Com a mudança, plataformas podem ser responsabilizadas civilmente se não agirem após notificação extrajudicial ou diante de casos graves. A medida vale até que o Congresso aprove nova legislação específica.
Entenda a decisão do STF
A decisão do Supremo Tribunal Federal altera a interpretação do artigo 19 do Marco Civil da Internet, que antes exigia ordem judicial para responsabilizar redes sociais por conteúdos ofensivos. Agora, a Corte definiu três níveis de responsabilidade para as plataformas.
Remoção imediata para conteúdos graves
Plataformas devem agir de forma imediata e proativa para remover conteúdos relacionados a racismo, pedofilia, discurso de ódio, incitação à violência ou defesa de golpe de Estado, mesmo sem notificação ou ordem judicial. Caso haja omissão, a empresa pode ser responsabilizada civilmente.

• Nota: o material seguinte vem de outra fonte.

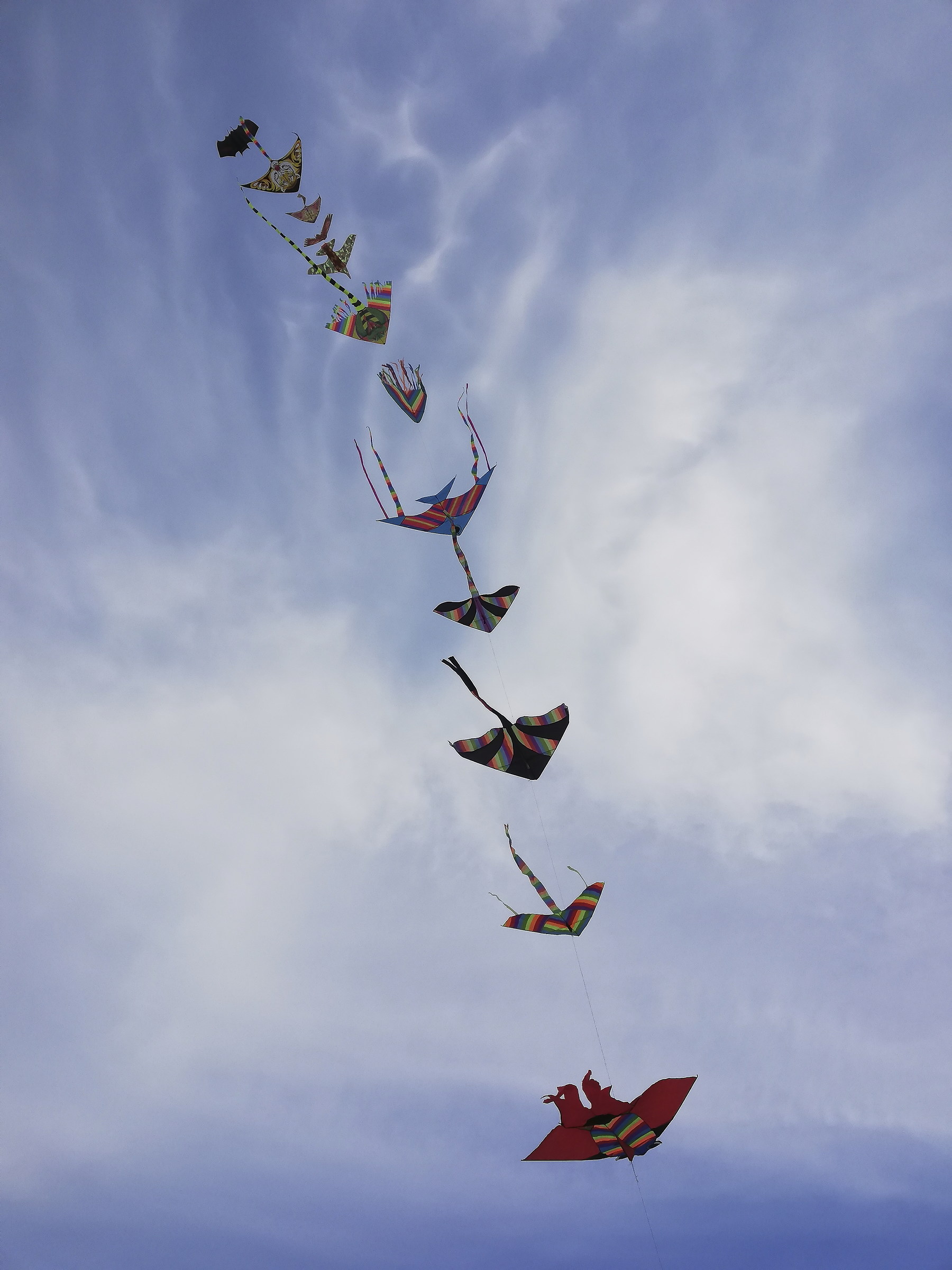 Ritorneranno gli aquiloni a  farci alzare la testa.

Notificação extrajudicial para outros ilícitos
Para outros tipos de conteúdo ilícito, a empresa será responsabilizada se, após receber notificação extrajudicial, não remover a publicação e a Justiça reconhecer a ofensa posteriormente. Isso permite remoção mais ágil de conteúdos como ataques pessoais e desinformação grave.
Crimes contra a honra
Nesses casos, permanece a necessidade de ordem judicial, mas os ministros admitiram a possibilidade de remoção por notificação extrajudicial, desde que fundamentada.
Tese fixada pelo STF e impactos
A tese do Supremo estabelece que o artigo 19 do Marco Civil da Internet é parcialmente inconstitucional por omissão na proteção de direitos fundamentais. Até que o Congresso edite nova lei, plataformas podem ser responsabilizadas civilmente por não removerem conteúdo após notificação extrajudicial. A responsabilização não se aplica à legislação eleitoral, que segue regras próprias do TSE.

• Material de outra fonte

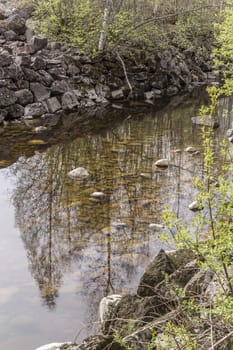 Trees Reflecting in Water with rocks.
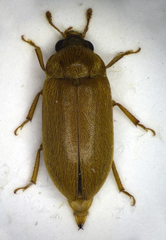 Byturus ochraceus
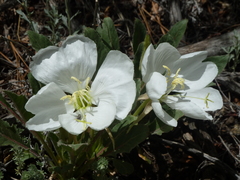 Oenothera cespitosa macroglottis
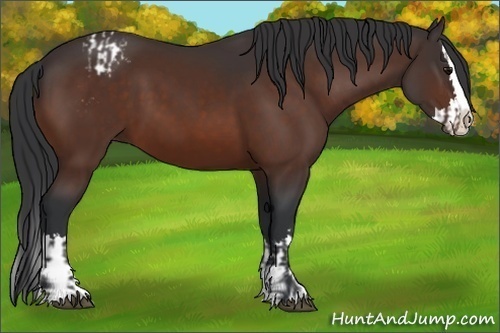 Horse Color:Bay Sabino Splash Appaloosa and Bay Sabino Splash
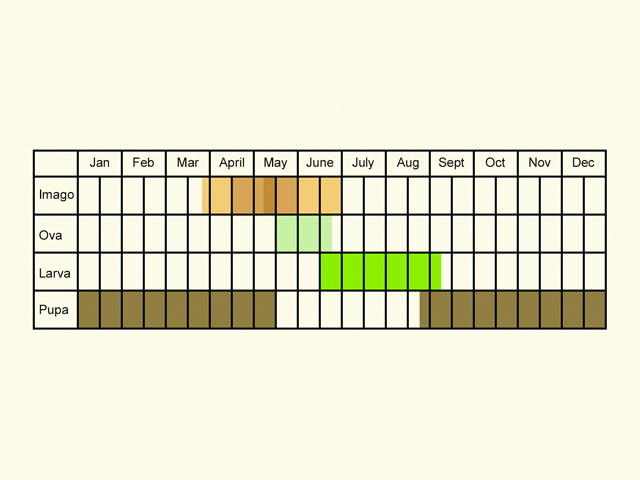  Life stages table Copyright Martin Evans 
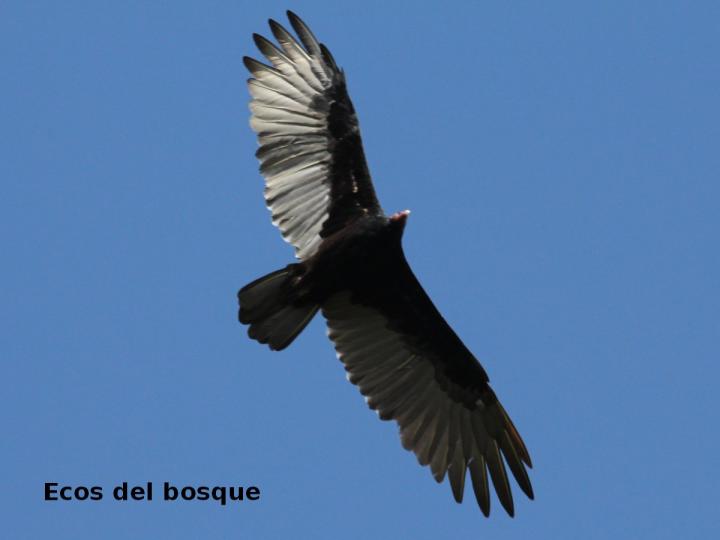 Cathartes aura (Zopilote cabecirrojo)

Conteúdos de contas inautênticas também estão sujeitos à nova lógica de responsabilização. Casos de racismo, pedofilia, discurso de ódio e incitação à violência exigem remoção imediata e proativa, sem necessidade de provocação.
A decisão deve levar as grandes plataformas a revisar suas políticas de moderação, adotando protocolos mais rigorosos para discursos de ódio e estruturando canais eficazes para receber e responder notificações. Até que o Congresso aprove nova legislação, prevalece a interpretação do Supremo.